** Opening Record set block **

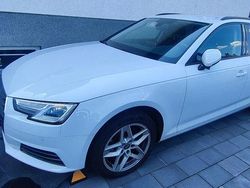 Weiß Gebraucht 2016 Audi A4 Ambiente Kombi | 12.400 € (Superpreis)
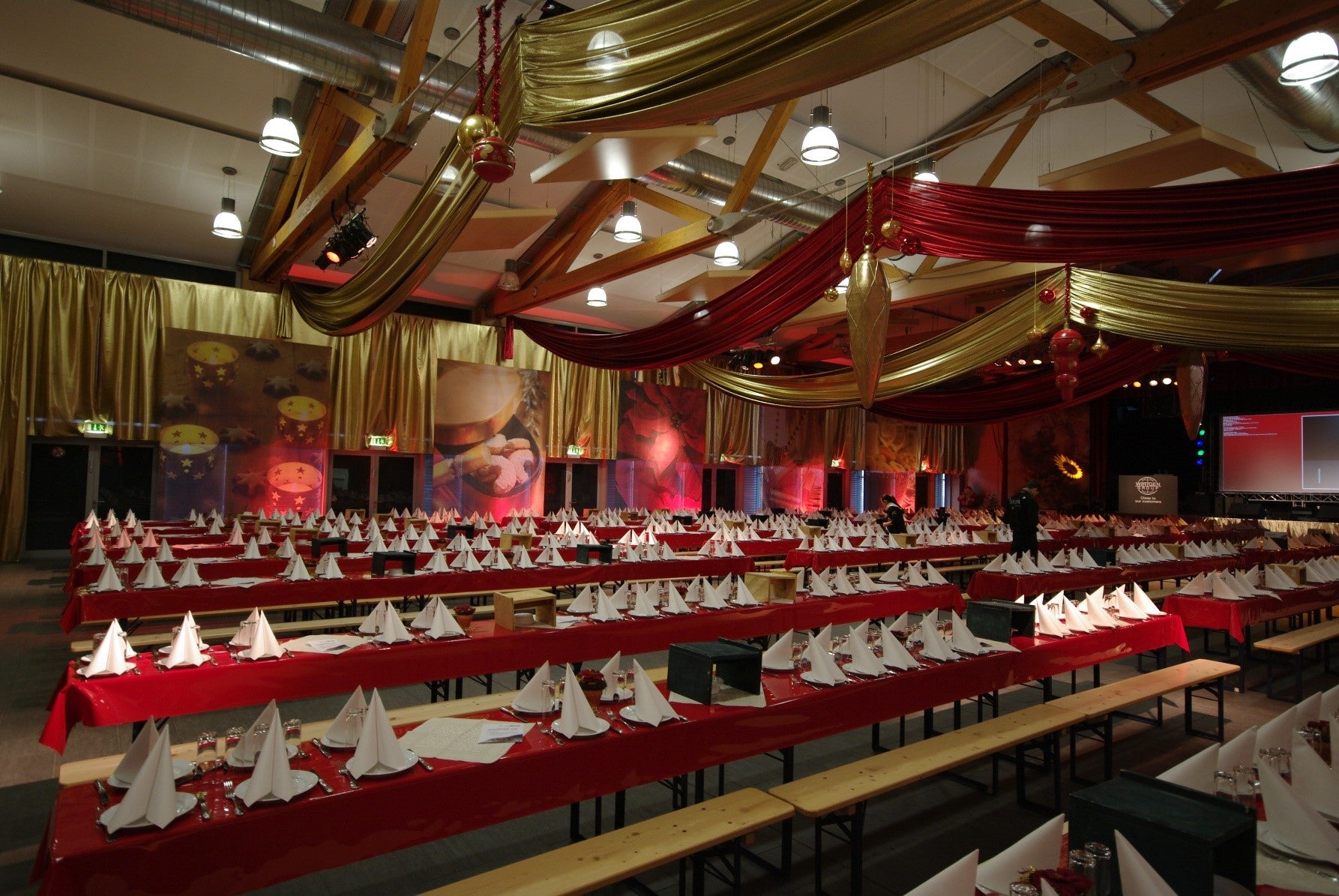 Weihnachts-Dekostoffe mieten – Deckenkaschierung in Rot & Gold, B1 schwer entflammbar – 2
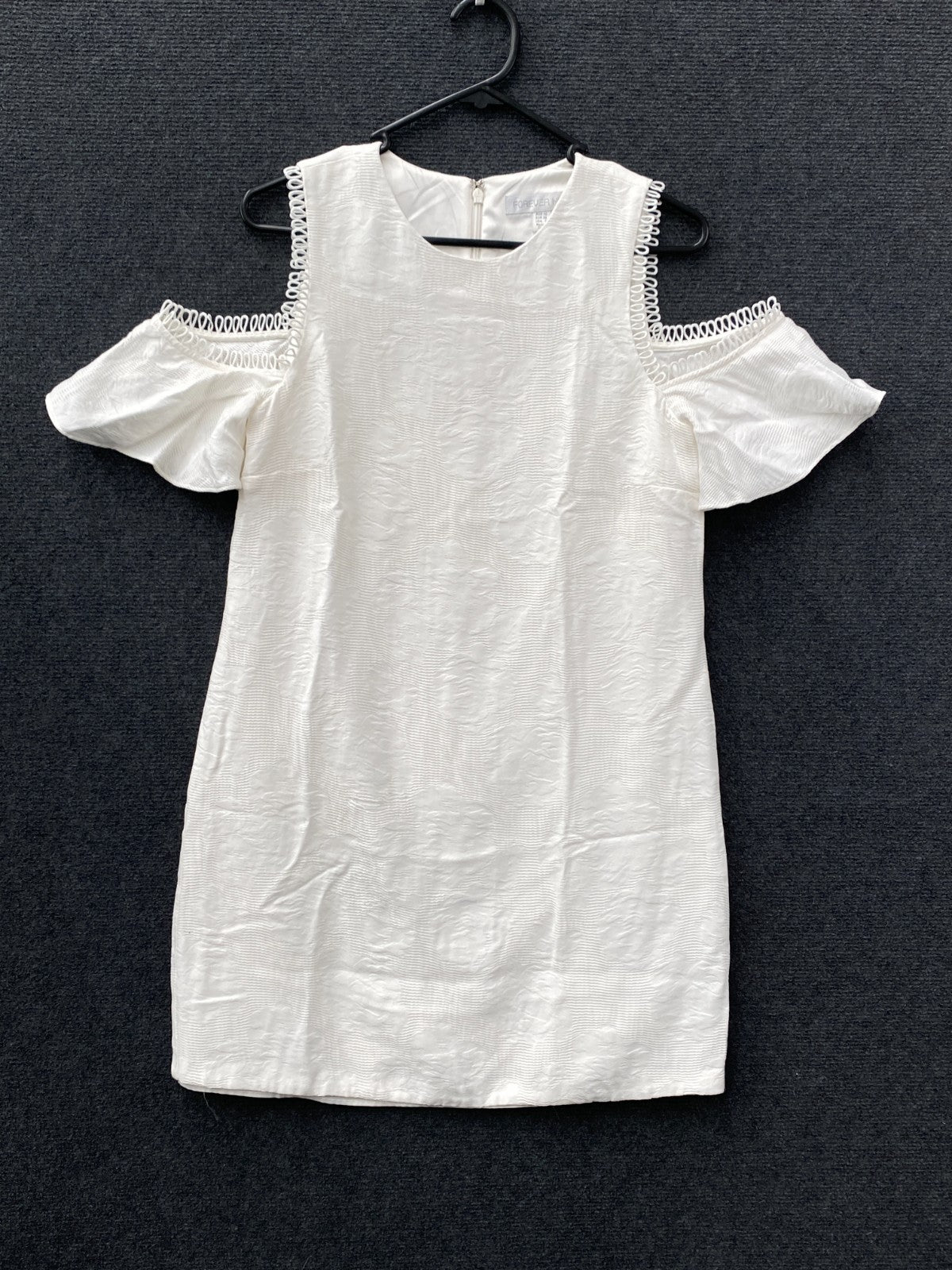 Product photograph [circular:dc61bc32a8b2582e]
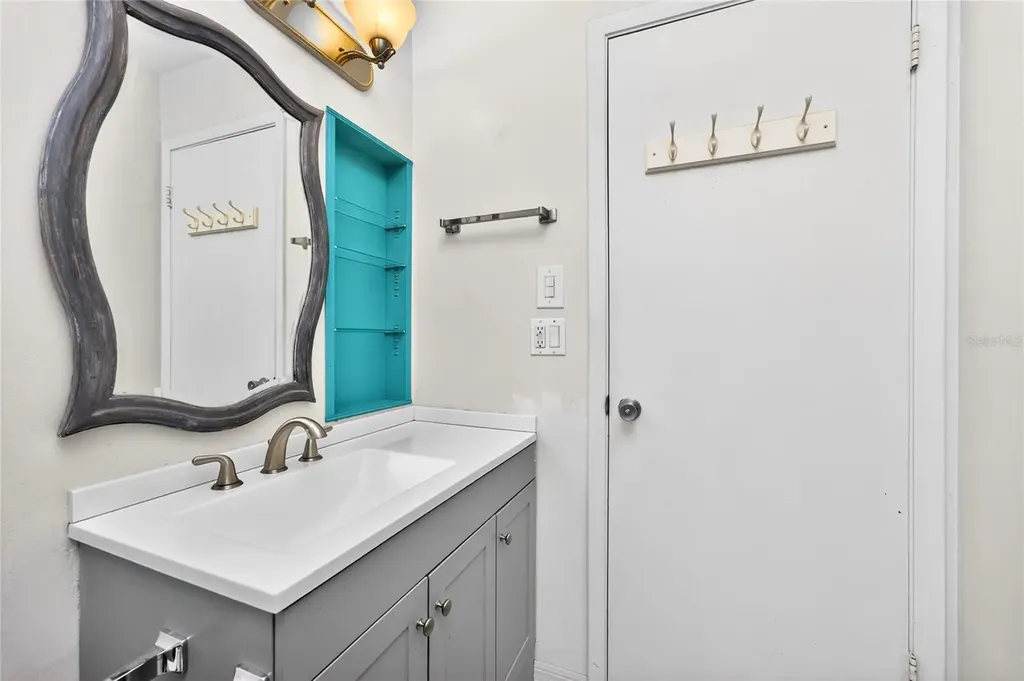 3972 Overlook Bend Sarasota FL 34232
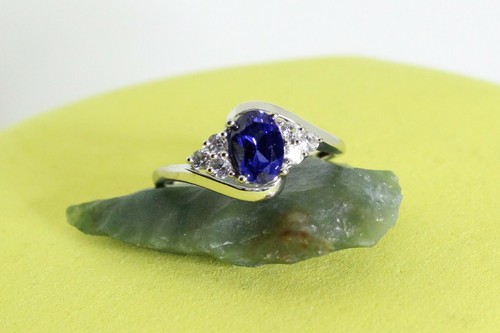 Sapphire White Topaz Ring 10K Solid Gold Size 6.75 BEAUTY - Picture 11 of 12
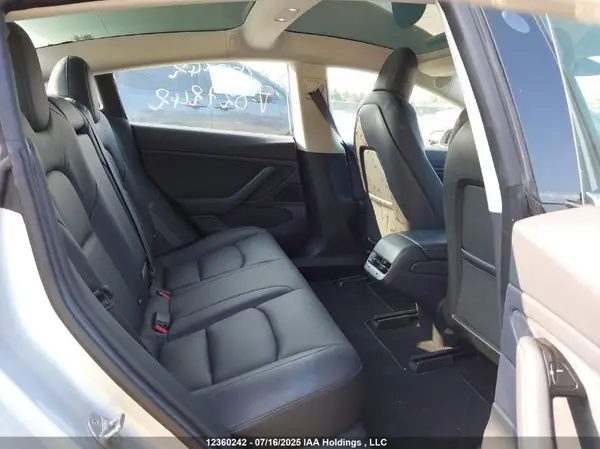 5YJ3E1EA6JF027826 2018 TESLA MODEL 3 - Image 8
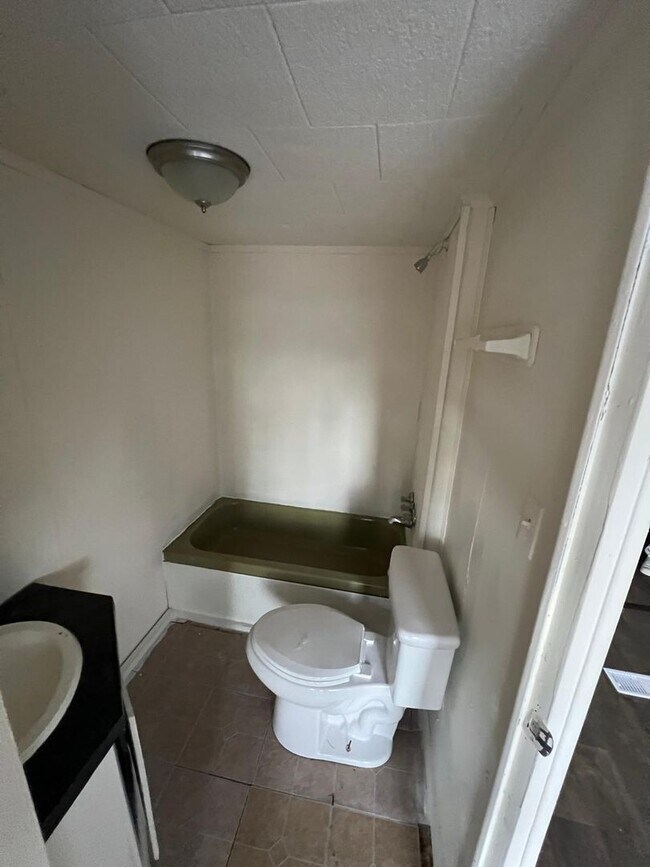 Building Photo - Renovated 2-Bed, 2-Bath Mobile Home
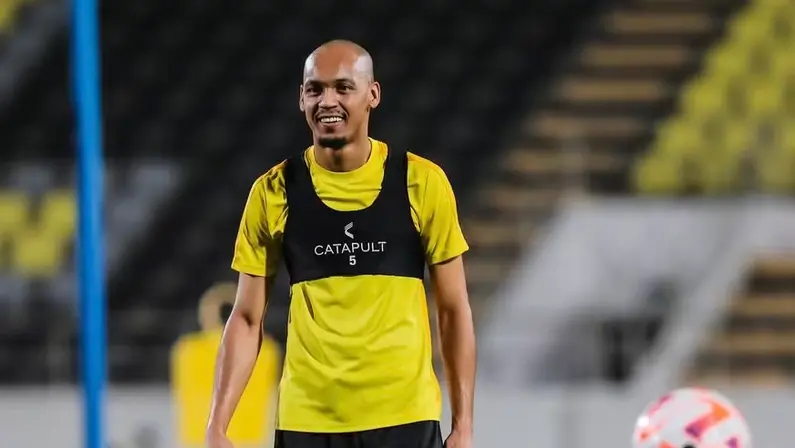 Fabinho, volante do Al-Ittihad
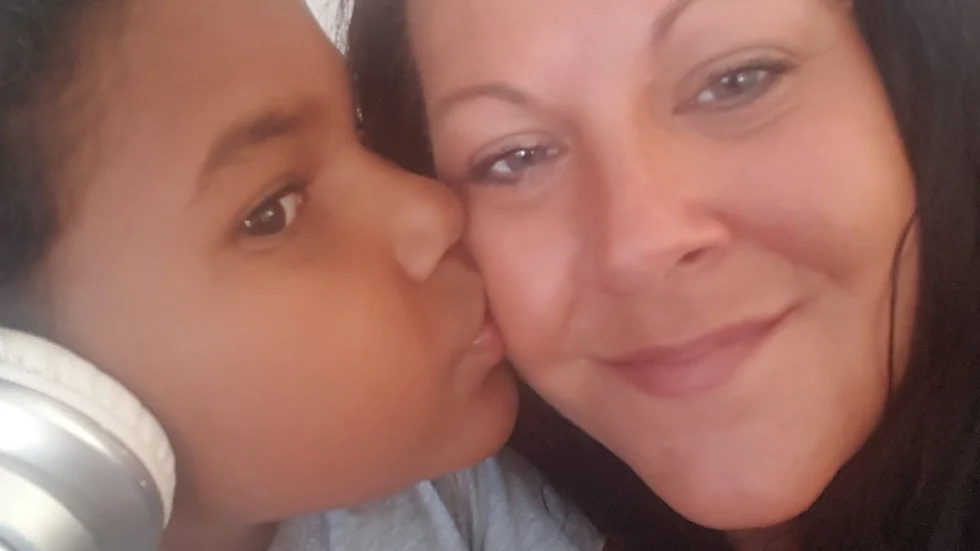 Aliou tillsammans med mamma Annamaria Olsson.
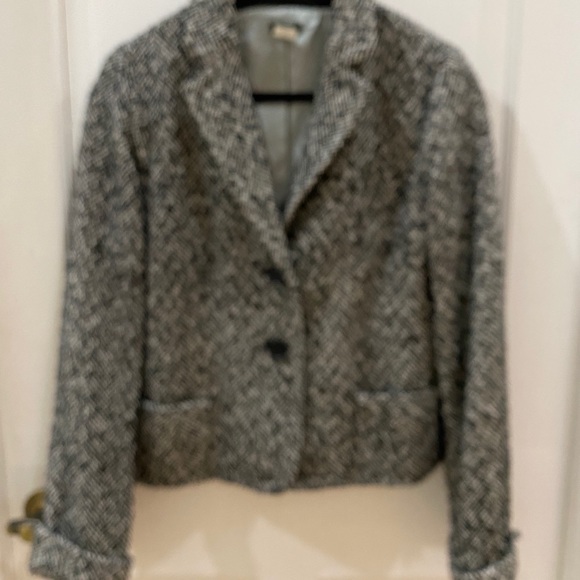J. Crew Jackets & Blazers - J Crew chevron tweed blazer size 8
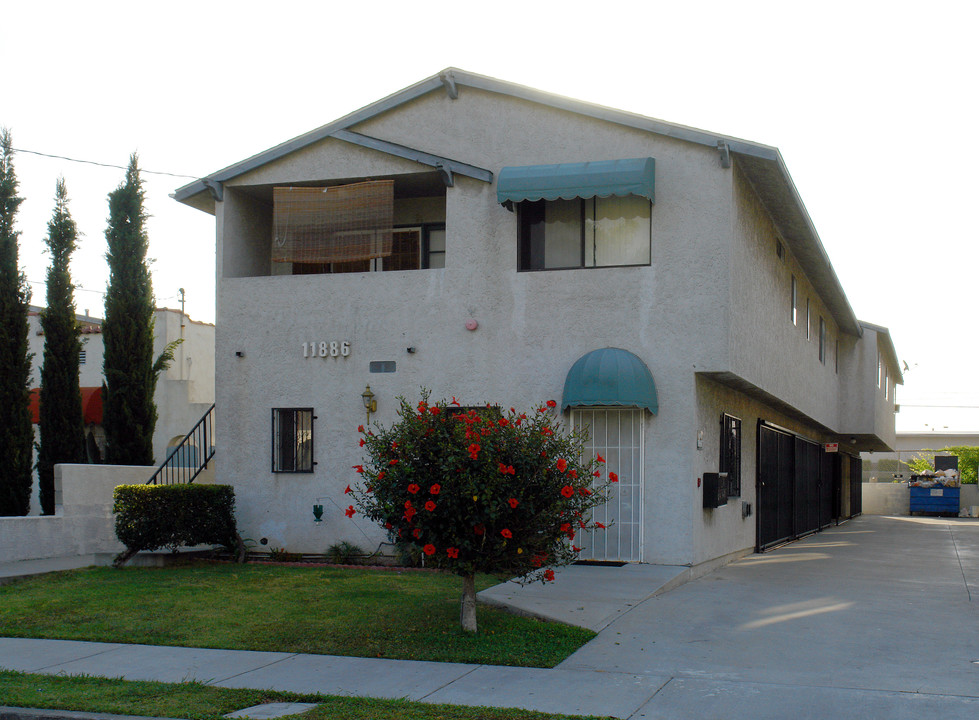 11886 Oxford Ave in Hawthorne, CA - Building Photo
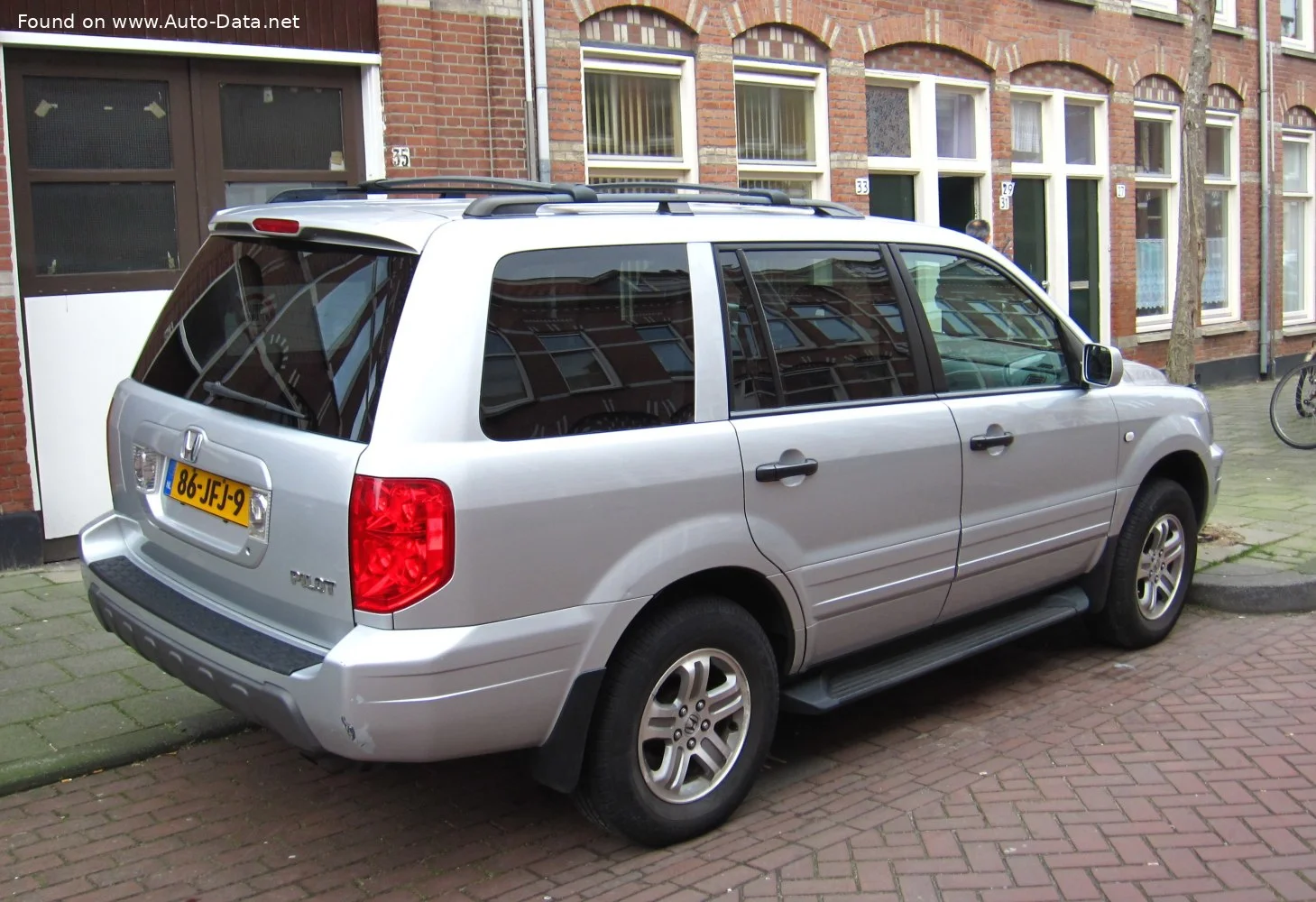 Honda Pilot 3.5 V6 (243 Hp) AWD Automatic2002 - 2004 thumbnail 2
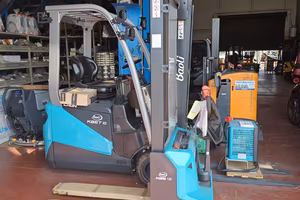 Stoccatore a colonna con batteria al litio 1200kg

** Closing Record set block **

# What to produce
Your reply should give again exactly the lines from the one with "Product photograph [circular:dc61bc32a8b2582e]" through the last line of the data, with both ends included and pictures left out.

# Expected output
 Product photograph [circular:dc61bc32a8b2582e]
 3972 Overlook Bend Sarasota FL 34232
 Sapphire White Topaz Ring 10K Solid Gold Size 6.75 BEAUTY - Picture 11 of 12
 5YJ3E1EA6JF027826 2018 TESLA MODEL 3 - Image 8
 Building Photo - Renovated 2-Bed, 2-Bath Mobile Home
 Fabinho, volante do Al-Ittihad
 Aliou tillsammans med mamma Annamaria Olsson.
J. Crew Jackets & Blazers - J Crew chevron tweed blazer size 8
 11886 Oxford Ave in Hawthorne, CA - Building Photo
 Honda Pilot 3.5 V6 (243 Hp) AWD Automatic2002 - 2004 thumbnail 2
 Stoccatore a colonna con batteria al litio 1200kg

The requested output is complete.